*** Opening PROVIDED MATERIAL ***

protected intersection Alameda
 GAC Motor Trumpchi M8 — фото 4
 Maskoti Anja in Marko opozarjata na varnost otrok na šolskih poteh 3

*** Closing PROVIDED MATERIAL ***

_WHAT TO WORK ON_
Extract every line from the one containing "GAC Motor Trumpchi M8 — фото 4" through the last line of the data, inclusive, exactly as written.

_SOLUTION FOR THIS PROBLEM_
 GAC Motor Trumpchi M8 — фото 4
 Maskoti Anja in Marko opozarjata na varnost otrok na šolskih poteh 3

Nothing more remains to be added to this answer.